Another place where too much speed is both obvious and inappropriate is when entering a ramp parking area. There’s no good reason to be cruising around a ramp at anything more than walking speed. Slowing down affords us better ability to stop quickly, more time to see and avoid hazards and gives the lineguy more time to get into position to marshal us to parking.
The bottom line? You’re not driving; you’re taxiing. Especially if you want to use the airplane again anytime soon, slow down.
Often, before we can taxi out for takeoff, we need to tow the airplane somewhere. It could be out of the hangar or across the ramp, sometimes even to the other side of the airport. Towing can be an art; it’s always an operation in which we risk damaging the airplane due to a faulty towbar, failure to properly attach it to the airplane or exceeding the landing gear’s limitations. In slippery conditions—rain, wind and/or snow and ice—the situation can get out of control quickly.
A lot of people have made a lot of money over the years developing and marketing towbars and related equipment to general aviation. The best solution to it all? Let the FBO do it for you. (Slip the line guy a $20 bill to ensure he does it right.) In any event, using a towbar to pull or push your airplane demands three basic things.
First, the towbar has to be properly attached to the airplane. Each manufacturer has its own recommendations for how the towbar is attached and how the airplane should be towed. Learn them. Second is to ensure the towbar is properly removed and stowed—either in the airplane or on the tow vehicle—before you even think about starting the engine. Third is to not exceed any turning limitations many manufacturers impose for good reason. Such limitations usually are marked on the nosewheel strut with indices beyond which the nosewheel should not be turned. Of course, these marking need to be visible and in good condition if they’re to be used.

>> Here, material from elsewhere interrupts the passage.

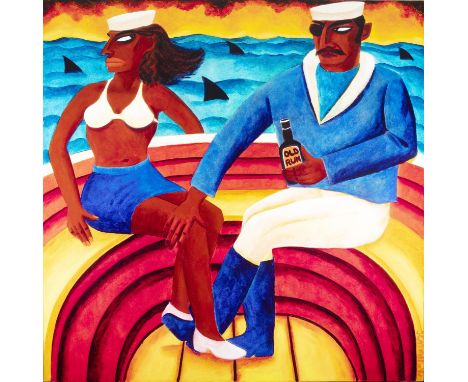 Graham Knuttel (1954-2023)  Couple at Sea  Oil on canvas, 120 x 120cm (47¼ x 47¼'')  SignedProvenance: with Apollo Gallery, D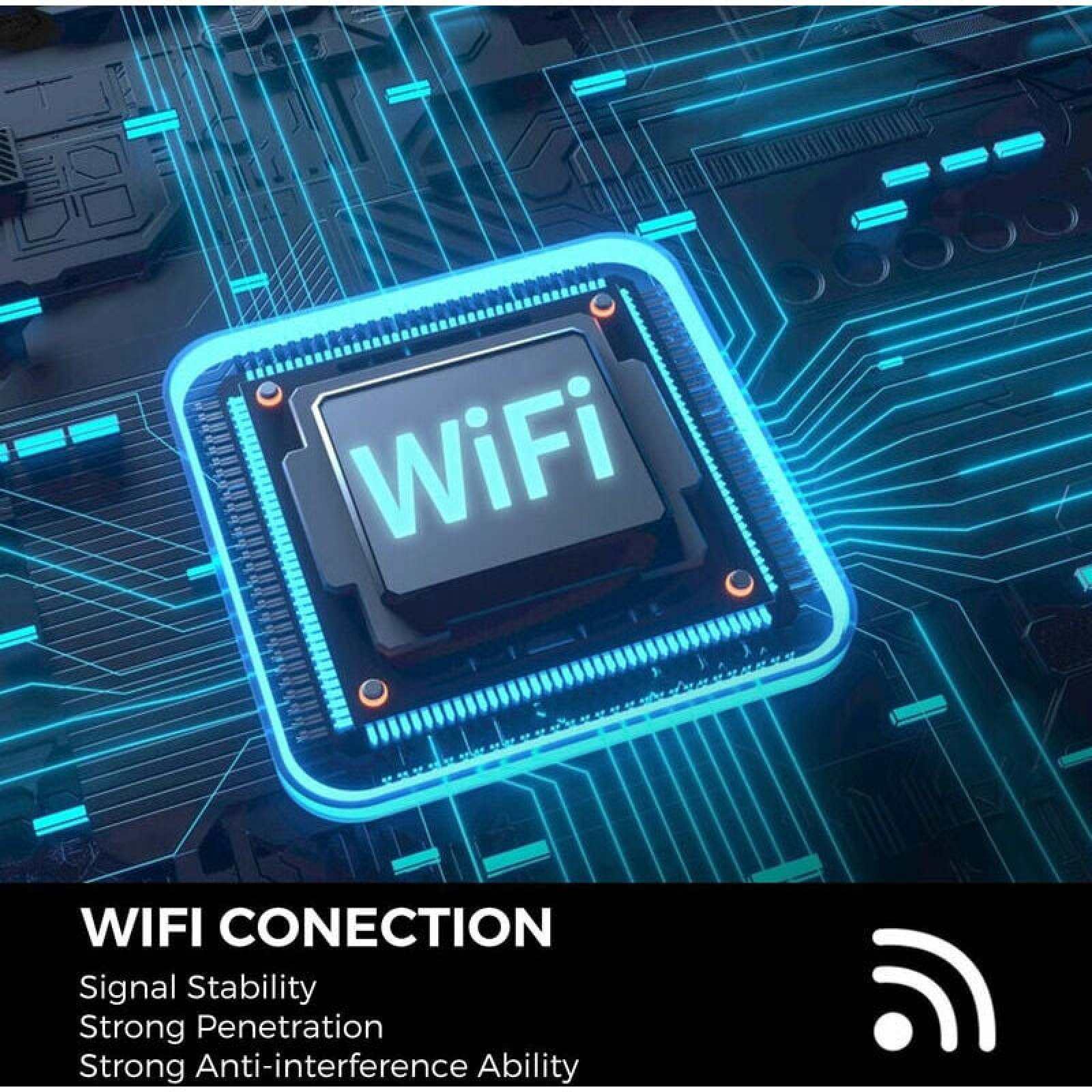 Ein WiFi-Chip auf einer Leiterplatte mit blauen Stromkreisen.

Anytime we’re towing or pushing an airplane, we need to ensure it’s clear of any obstructions. Often, the only way to be sure is for someone with aircraft handling familiarity to be watching the space between the airplane and where we want it. Yes, that means towing or pushing is a two-person job, but a successful outcome is more likely. The only time when a second person may not be necessary is when pushing the airplane back into its own hangar, where we “know” it’ll fit. Striping on the hangar floor and the ramp in front of it can be invaluable here. Presuming the striping is correct for your airplane, keep the nosewheel on the centerline and position the mains between the other two stripes and you should be good. Watch the back wall, though. Ideally, mounting a chock on the hangar floor or painting a “do not cross” stripe will prevent any damage when pushing the plane back into its hangar.
On The Ground
Ensuring proper ground handling of the airplane will help prevent any recurring mechanical issues—like worn or defective brakes—while ensuring safe and courteous start, taxi and shutdown operations. One of the keys is to simply take things slowly, especially when taxiing downwind. Crowded ramps, narrow taxiways and unfamiliar airports can be accidents waiting to happen unless we’re constantly looking outside the airplane and paying attention to what we’re doing. It’s not fun, but it’s a necessary part of getting into and down from the air.